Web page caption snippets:
/---
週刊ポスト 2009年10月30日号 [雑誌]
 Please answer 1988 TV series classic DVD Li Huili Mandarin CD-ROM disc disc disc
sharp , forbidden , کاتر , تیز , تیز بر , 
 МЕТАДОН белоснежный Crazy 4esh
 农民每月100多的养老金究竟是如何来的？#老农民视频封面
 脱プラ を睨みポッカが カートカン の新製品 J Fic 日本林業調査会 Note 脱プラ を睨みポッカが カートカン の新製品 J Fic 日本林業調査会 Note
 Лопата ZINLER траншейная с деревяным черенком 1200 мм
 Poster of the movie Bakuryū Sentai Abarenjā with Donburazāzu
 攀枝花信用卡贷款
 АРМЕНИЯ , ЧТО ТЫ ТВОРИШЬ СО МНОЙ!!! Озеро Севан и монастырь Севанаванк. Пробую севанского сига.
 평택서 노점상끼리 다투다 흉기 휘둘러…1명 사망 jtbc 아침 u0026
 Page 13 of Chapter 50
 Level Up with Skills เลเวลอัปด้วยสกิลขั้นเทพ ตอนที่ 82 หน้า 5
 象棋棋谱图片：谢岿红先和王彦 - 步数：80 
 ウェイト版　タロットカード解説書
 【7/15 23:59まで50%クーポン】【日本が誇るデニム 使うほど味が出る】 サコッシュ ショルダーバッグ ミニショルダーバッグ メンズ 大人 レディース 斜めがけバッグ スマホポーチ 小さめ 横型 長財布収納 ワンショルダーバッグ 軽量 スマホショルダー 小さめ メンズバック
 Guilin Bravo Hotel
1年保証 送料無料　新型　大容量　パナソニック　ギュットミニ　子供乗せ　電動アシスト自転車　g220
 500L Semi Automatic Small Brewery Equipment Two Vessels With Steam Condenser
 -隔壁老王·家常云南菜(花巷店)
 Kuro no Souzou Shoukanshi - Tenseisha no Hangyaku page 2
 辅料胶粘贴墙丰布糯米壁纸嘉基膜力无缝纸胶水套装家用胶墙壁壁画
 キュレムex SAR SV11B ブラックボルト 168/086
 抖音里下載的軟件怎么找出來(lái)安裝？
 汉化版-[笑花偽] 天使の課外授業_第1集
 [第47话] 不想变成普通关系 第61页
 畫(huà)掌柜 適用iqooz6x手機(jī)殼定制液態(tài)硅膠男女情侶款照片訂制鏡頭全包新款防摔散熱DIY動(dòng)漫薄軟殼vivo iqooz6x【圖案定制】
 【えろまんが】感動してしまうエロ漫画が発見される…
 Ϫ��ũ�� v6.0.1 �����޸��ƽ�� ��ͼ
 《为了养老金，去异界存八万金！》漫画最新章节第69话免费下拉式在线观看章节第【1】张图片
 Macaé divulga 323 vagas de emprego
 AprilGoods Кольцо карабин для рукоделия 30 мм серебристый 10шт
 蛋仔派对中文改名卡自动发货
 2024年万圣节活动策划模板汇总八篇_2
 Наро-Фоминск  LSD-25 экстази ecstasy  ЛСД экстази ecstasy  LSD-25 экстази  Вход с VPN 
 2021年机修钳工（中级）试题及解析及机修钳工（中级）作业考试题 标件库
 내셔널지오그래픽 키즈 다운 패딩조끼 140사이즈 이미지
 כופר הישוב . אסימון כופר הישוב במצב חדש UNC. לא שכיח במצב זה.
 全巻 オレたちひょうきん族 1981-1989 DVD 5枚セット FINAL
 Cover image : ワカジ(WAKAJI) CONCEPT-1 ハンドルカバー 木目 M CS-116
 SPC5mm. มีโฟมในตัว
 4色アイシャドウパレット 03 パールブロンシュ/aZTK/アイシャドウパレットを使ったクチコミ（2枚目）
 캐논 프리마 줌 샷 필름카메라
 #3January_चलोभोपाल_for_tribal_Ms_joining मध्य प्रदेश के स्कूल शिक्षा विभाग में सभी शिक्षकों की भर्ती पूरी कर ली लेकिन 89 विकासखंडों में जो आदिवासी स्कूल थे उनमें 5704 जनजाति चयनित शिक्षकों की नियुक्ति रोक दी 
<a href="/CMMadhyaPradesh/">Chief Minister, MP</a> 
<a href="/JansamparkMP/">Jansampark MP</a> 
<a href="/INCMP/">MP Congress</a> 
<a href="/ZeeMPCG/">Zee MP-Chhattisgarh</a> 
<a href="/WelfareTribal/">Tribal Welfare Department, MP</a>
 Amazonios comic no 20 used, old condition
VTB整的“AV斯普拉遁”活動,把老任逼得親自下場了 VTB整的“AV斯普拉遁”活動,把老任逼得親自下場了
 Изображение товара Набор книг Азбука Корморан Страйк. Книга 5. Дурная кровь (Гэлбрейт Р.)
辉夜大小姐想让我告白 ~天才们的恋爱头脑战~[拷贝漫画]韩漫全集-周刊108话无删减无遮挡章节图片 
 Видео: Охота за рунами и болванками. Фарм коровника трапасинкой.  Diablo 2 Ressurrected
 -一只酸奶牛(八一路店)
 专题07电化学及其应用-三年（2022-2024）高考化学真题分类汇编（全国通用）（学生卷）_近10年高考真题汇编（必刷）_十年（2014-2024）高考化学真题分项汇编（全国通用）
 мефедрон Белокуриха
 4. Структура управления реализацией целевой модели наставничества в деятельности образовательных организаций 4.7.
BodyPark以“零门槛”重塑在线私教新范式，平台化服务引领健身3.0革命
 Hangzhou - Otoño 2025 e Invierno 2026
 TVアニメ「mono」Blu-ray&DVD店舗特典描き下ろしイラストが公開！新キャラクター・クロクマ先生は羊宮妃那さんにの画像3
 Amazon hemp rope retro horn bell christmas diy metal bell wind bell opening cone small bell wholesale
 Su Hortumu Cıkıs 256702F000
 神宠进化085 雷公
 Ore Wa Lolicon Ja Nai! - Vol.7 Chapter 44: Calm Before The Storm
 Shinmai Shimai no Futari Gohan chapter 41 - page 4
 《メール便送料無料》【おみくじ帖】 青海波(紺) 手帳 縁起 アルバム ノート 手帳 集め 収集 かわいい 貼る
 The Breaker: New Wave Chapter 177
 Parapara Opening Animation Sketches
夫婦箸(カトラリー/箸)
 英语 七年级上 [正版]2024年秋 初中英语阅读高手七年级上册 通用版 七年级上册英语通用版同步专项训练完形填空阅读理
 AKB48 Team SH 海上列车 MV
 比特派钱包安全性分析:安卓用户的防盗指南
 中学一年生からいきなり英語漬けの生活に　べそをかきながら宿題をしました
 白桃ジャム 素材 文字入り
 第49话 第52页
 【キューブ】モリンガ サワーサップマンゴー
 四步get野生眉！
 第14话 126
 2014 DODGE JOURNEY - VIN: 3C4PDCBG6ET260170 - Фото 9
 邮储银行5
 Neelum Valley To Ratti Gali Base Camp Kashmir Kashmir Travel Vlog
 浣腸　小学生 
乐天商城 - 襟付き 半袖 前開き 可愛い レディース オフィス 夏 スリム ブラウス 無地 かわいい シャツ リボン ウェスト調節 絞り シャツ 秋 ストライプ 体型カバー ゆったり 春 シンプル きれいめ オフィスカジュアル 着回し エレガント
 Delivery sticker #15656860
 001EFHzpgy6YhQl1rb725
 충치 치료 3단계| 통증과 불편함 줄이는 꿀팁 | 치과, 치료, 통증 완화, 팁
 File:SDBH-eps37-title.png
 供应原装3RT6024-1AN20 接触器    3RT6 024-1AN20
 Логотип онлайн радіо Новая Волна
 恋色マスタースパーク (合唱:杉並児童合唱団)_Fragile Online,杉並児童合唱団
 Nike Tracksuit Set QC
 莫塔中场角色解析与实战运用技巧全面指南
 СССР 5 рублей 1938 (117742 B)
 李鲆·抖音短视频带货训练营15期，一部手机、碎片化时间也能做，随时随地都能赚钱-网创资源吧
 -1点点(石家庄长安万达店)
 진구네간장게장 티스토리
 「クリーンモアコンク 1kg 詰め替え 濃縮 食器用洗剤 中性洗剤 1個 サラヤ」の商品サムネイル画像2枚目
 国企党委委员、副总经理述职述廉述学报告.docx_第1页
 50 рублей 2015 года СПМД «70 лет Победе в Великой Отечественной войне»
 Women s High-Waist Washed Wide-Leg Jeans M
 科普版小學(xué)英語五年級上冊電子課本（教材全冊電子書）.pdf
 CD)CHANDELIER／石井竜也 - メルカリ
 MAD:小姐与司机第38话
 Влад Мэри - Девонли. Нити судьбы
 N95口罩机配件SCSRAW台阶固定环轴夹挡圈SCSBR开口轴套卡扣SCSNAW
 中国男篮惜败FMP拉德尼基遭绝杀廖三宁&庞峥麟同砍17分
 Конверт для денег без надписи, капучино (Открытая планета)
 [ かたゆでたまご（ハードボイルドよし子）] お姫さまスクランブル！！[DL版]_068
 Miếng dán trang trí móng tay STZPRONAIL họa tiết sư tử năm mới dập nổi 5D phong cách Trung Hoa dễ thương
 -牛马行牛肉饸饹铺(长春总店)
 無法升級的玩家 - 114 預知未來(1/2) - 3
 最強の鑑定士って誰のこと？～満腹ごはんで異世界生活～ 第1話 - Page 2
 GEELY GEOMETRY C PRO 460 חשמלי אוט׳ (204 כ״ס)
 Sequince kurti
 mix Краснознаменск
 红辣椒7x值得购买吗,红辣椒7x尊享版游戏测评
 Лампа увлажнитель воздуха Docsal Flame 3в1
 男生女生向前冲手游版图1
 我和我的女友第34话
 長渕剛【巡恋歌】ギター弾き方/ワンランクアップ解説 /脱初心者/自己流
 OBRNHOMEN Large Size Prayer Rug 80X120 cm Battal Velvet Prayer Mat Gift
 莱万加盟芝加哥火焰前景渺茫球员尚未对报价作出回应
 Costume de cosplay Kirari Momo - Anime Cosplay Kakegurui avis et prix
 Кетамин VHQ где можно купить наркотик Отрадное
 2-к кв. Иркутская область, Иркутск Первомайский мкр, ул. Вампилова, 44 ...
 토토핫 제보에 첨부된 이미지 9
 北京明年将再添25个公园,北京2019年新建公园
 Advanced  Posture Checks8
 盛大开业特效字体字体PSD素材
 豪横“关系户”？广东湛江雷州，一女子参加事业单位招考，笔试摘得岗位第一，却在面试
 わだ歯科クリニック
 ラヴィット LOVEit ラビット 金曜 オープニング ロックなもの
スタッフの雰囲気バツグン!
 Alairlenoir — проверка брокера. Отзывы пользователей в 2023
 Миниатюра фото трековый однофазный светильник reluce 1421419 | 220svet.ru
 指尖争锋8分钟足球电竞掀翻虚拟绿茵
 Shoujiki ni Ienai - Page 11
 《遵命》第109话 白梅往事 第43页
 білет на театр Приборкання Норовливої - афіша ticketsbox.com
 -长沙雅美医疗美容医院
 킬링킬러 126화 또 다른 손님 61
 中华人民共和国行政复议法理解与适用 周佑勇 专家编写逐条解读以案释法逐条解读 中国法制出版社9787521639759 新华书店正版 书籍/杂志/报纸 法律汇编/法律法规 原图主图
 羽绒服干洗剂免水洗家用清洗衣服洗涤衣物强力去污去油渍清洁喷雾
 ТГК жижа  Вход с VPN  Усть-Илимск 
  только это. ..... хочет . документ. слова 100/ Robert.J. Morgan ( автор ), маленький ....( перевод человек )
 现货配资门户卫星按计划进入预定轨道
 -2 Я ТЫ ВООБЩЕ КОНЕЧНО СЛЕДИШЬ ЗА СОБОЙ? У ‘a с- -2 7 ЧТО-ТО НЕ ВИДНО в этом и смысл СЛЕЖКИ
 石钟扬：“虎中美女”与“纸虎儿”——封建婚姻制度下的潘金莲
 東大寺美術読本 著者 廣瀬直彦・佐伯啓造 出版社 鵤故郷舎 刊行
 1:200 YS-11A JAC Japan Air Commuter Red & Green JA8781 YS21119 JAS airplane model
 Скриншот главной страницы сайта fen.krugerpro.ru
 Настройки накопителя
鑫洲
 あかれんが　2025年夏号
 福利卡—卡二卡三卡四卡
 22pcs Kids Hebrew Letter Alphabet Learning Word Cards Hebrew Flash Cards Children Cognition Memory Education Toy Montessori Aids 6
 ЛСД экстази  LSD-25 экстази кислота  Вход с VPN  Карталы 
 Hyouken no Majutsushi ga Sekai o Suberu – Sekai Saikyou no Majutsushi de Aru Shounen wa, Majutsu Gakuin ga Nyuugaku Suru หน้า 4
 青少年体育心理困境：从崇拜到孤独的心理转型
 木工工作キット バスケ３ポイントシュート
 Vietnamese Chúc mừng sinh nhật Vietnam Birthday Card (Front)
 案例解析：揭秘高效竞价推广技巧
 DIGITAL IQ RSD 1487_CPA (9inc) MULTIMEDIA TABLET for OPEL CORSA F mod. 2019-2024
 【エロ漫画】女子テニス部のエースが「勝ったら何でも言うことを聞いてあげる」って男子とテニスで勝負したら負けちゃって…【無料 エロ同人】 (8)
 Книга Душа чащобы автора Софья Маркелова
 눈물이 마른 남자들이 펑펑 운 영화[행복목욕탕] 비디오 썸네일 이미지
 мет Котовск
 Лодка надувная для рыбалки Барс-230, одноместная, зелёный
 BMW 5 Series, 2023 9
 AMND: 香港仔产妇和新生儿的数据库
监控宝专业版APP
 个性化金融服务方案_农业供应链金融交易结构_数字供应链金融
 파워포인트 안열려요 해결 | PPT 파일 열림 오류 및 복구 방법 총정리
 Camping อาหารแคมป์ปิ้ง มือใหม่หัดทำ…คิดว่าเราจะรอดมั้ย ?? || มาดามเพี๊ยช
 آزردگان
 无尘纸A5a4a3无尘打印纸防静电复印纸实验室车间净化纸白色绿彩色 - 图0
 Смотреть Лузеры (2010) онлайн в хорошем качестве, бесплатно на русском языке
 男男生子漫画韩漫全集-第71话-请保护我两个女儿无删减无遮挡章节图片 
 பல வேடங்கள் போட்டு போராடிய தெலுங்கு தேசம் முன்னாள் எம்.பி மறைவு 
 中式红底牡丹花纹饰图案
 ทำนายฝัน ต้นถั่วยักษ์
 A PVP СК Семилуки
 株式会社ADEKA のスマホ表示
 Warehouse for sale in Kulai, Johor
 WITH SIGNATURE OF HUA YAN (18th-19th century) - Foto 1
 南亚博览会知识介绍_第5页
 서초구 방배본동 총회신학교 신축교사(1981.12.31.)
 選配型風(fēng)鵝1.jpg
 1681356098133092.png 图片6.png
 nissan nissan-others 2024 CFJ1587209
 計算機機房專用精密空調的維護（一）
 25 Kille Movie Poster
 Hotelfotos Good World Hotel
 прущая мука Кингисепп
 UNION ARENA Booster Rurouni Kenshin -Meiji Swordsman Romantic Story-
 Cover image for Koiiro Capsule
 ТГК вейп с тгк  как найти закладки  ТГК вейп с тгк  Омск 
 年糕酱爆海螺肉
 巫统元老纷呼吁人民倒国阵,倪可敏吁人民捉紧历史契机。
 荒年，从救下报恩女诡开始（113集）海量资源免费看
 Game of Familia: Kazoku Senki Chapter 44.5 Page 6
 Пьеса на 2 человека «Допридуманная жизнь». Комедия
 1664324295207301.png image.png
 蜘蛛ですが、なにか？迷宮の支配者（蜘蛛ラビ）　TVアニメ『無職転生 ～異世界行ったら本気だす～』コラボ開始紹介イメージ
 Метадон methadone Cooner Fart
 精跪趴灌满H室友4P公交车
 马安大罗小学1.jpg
\---
TASK ITEM:
Copy out each line from the preceding entries that mentions the word "Poster".

RESPONSE TO THIS TASK:
 Poster of the movie Bakuryū Sentai Abarenjā with Donburazāzu
 25 Kille Movie Poster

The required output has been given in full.